# Keeneland



## POLOGOLF (May 10, 2005)

I am headed up to Keeneland Next weekend. Any Suggestions on what to wear.

"May we always get what we want, may we always getwhat we need. Just so we don't get what we deserve." -James Spader and John Cusack in "True Colors"


----------



## 3button Max (Feb 6, 2006)

polo-what is Keeneland?

thanks,
Max


----------



## POLOGOLF (May 10, 2005)

Keeneland is a Horse Track in Kentucky

"May we always get what we want, may we always getwhat we need. Just so we don't get what we deserve." -James Spader and John Cusack in "True Colors"


----------



## Foghorn (Feb 2, 2005)

Brighter than winter colors- but not quite spring. I would don no linen or madras- but poplin & seersucker is fine on Sunday. Owner's box or other? 
F


----------



## mgw (Jul 29, 2005)

If I'm not mistaken, the Clubhouse has a dress code of coat and tie. The Grandstand does not. I don't know that it would necessarily impact anyone on this forum.


----------



## AlanC (Oct 28, 2003)

> quote:_Originally posted by POLOGOLF_
> 
> Keeneland is a Horse Track in Kentucky


Correction: _the_ horsetrack in Kentucky.


----------



## blantons (Apr 4, 2006)

> quote:_Originally posted by AlanC_
> 
> 
> 
> ...


Correction: _the_ horsetrack

I received some very helpful advice from this forum regarding Keeneland attire so I feel obligated to impart some wisdom here. I for one would not exclude linen or madras; in the South lighter fabrics/summer colors usually make their debut around Easter and with this being Easter weekend, I can see no better time to wear such clothing. Definitely stay away from the wool or heavier cottons, especially with temperatures expected to be in the 80's this weekend here in Lexington. There is usually a huge range of formality of dress there, but you would definitely not feel overdressed in a blazer and tie.

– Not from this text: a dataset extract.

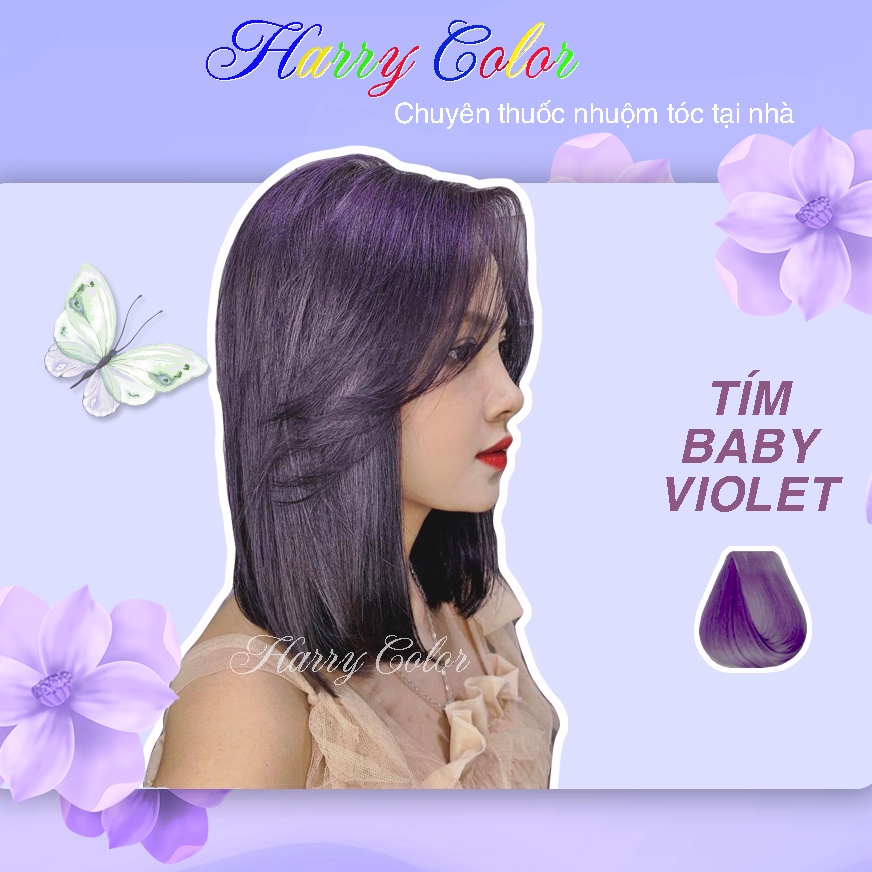 Thuốc nhuộm tóc Tím baby violet  [dưỡng tóc]  [lên màu chuẩn] tự nhuộm tóc tại nhà tặng kèm Oxy trợ nhuộm và gang tay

I personally would suggest seersucker/linen/lighter cotton fabrics, blazer, tie, and some sort of brown shoe. Colors are a more complicated subject; with this being Easter weekend I will be sporting pastels but one would not be out of place wearing most colors.


----------



## Where Eagles Dare (Feb 14, 2006)

Seersucker, Pink Shirt, Bow Tie, Dirty Bucks, Electric Blue and Pink argyle socks, Straw Hat, Flask.

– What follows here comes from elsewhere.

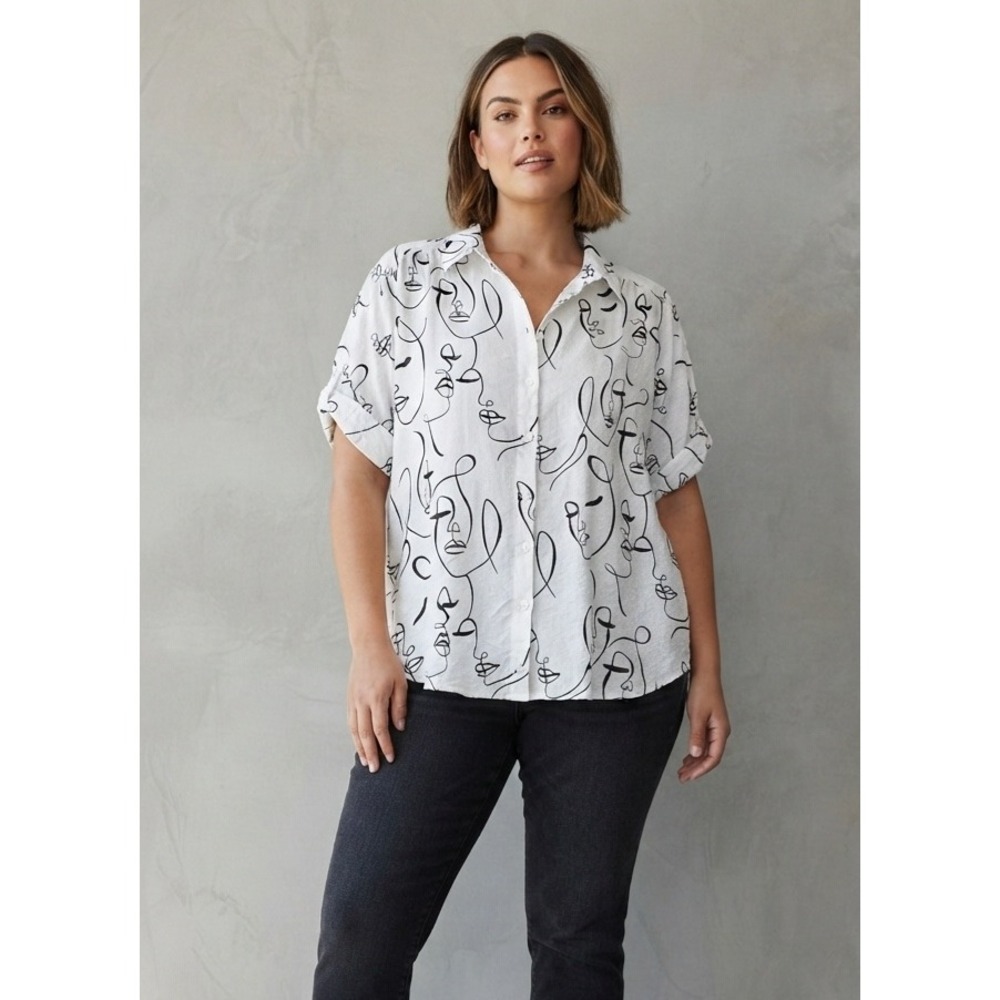 Jane + Delancey Line Art Face Print Button Down Shirt White‎ Black 2X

Blanket on the back-side with the Proles.
Pic-nic basket.
Beautiful women.
Nikon F3.

See you there.


----------



## Foghorn (Feb 2, 2005)

I am further South & would not advocate such- don't go beyond light woolens until Sunday (poplin/seersucker too soon is untrad & uncouth). We may bend a few rules but we do not break them in the South. If you are the guest of someone, call & ask the attire.
F


----------



## blantons (Apr 4, 2006)

> quote:_Originally posted by Foghorn_
> 
> If you are the guest of someone, call & ask the attire.
> F


Good suggestion, dressing to the level of your company if they are frequenters of Keeneland is always a good choice.

I suppose I may just take issue with the seemingly arbitrary restrictions imposed for "seasonal" clothing, but I wouldn't go so far as to say it would be uncouth to wear such clothing on an abnormally warm weekend the day before Easter. But then again I realize 80 degree weather isn't abnormally hot for this time of year in the deeper South.

I suppose I am making the argument that Keeneland, it seems, has its own traditions of dress and style that supersede seasonal restrictions. I would not think of wearing a seersucker or linen sportcoat anywhere else at this time of year, but at Keeneland it is relatively commonplace.


----------



## Charley (Feb 8, 2005)

> quote:_Originally posted by blantons_
> 
> 
> 
> ...


I would not attempt the seersucker until a very warm day of the last week. The track can be pretty cold on a grey day.
Otherwise, if you are in the Clubhouse, go for a suit. Blazer and sharp horse tie is also OK.

BTW, don't bet any "exotics." If you can pick a horse, or two, or three, bet to WIN.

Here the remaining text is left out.